14 DAY TRIAL // "A brain sensitive to light" has got a new meaning.
Researchers at Duke University Medical Center and the Howard Hughes Medical Institute have engineered a breed of mice whose brain olfactory cells respond to a light flash.
They introduced into the cells a gene from green algae that enables them to detect light and head towards it.
The water-dwelling Chlamydomonas algae need sunlight to make photosynthesis.
When the olfactory brain areas were exposed to light, the researchers could observe in real time which brain zones were turned on by comparing electrical zones that pointed the presence of the algae gene.
"This work provides a new method in live animals that will define the experimental approach for studying of mammalian neural circuitry in the coming decade," said Dr.
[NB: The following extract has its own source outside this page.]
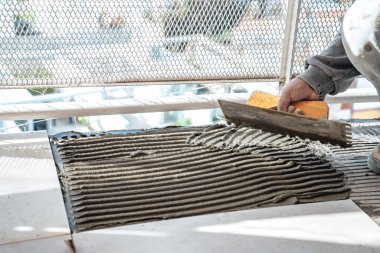 Çentikli bir mala kullanarak beton döşemeye beton döşeyen duvarcı. Bir inşaatta çalışıyorum. İş kavramı, ticaret.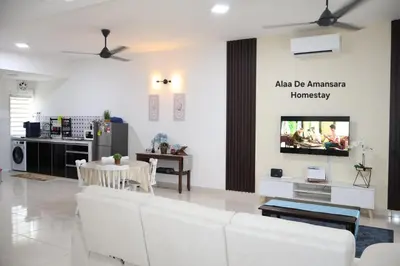 a living room with white furniture and a tv on a wall at Alaa De Amansara Homestay in Kepala Batas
Michael Ehlers, a Duke neurobiologist and Howard Hughes Medical Institute investigator.
"This mouse model and its future variants mark the first use of genetically produced light activation in the study of the intact mammalian brain, and we believe this advance in nerve circuit mapping will be to neurobiology what microarray technology has been to genomic science -- a fundamental breakthrough," Ehlers said.
"This mouse model is the first to be able to provide real-time mapping of brain circuitry in a living, intact mammal," said the team.
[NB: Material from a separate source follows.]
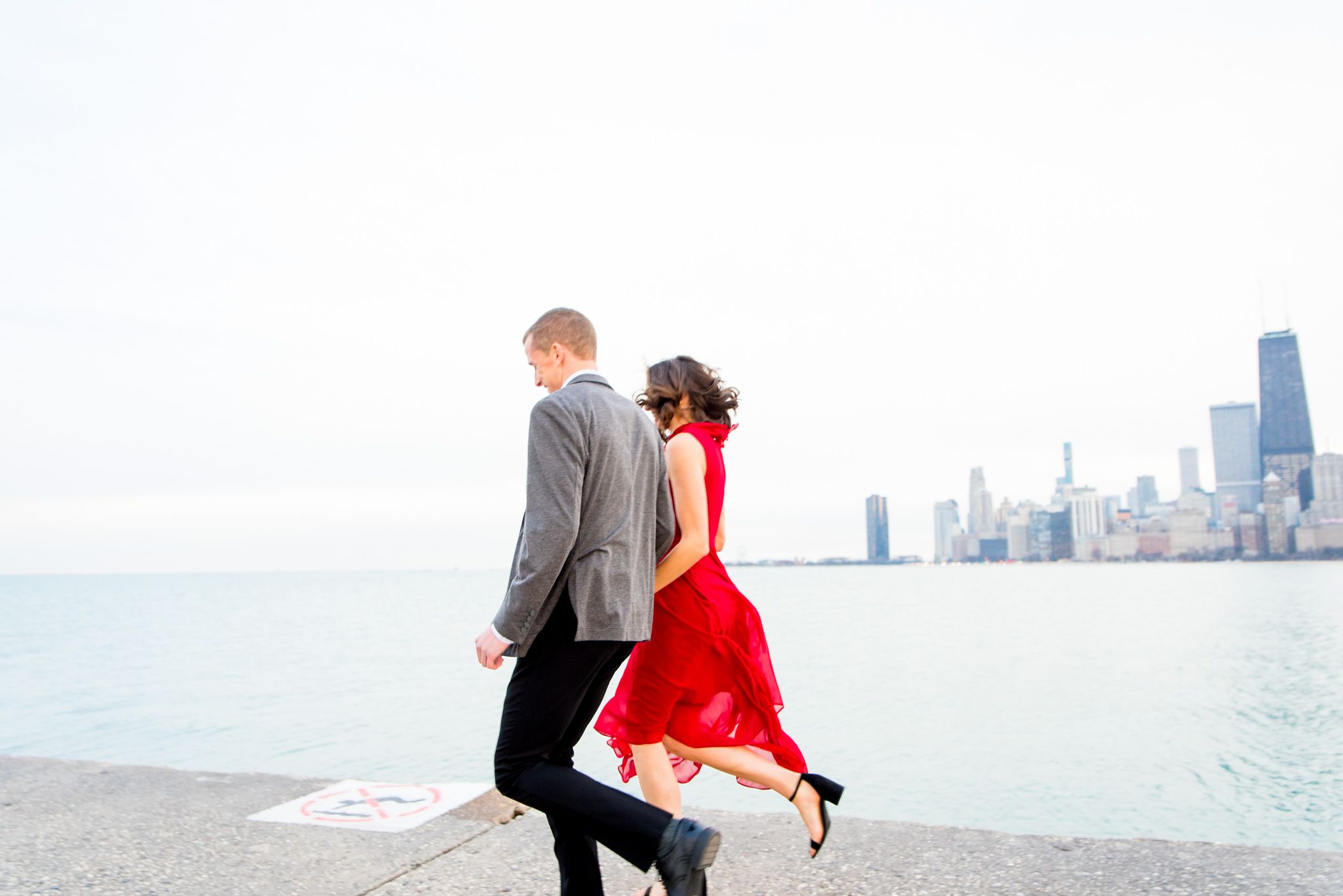 couple running along pier at North Avenue Beach for Chicago engagement pictures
The green algae possess hairlike structures called flagella that propel them toward the light.
The flagella are controlled by channelrhodopsin-2 which is sensitive to light heading toward it.
The team tested first on the olfaction because the olfactory system has a behavioral component.
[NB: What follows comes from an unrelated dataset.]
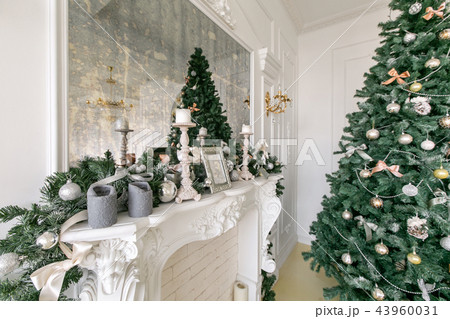 White fireplace decorated with candles and fir branches. Decorated Christmas tree. Classic White fireplace decorated with candles and fir branches. Decorated Christmas tree. Classic 43960031
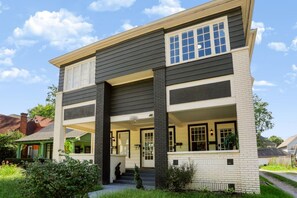 A two-story house with a front porch, a visible staircase, and a brick chimney. - Cozy Herron-Morton Getaway Near Downtown (Indianapolis)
"The brain can decode thousands of smells that enter the nose, discriminating even the slightest scent and often conjuring up vivid memories. So we wanted to know how the brain decodes the presence of these chemicals in the air and turn them into a perception. It's still quite mysterious." said Ehlers.
"Even though these experiments shed new light on the inner workings of the olfactory system, their greatest significance is that they provided proof of principle that this new model can be used to study a wide variety of questions involving the brain. There are a lot of tools that work well in simpler systems or in isolated nerve cells, but the findings are often difficult to translate into an intact mammalian brain," he said.
"This new model opens up whole new avenues for study. We may reach a future where brain injuries, spinal cord damage, neuron loss in Alzheimer's disease, or even depression are treated by fiber optics delivering light to genetically defined populations of nerve cells."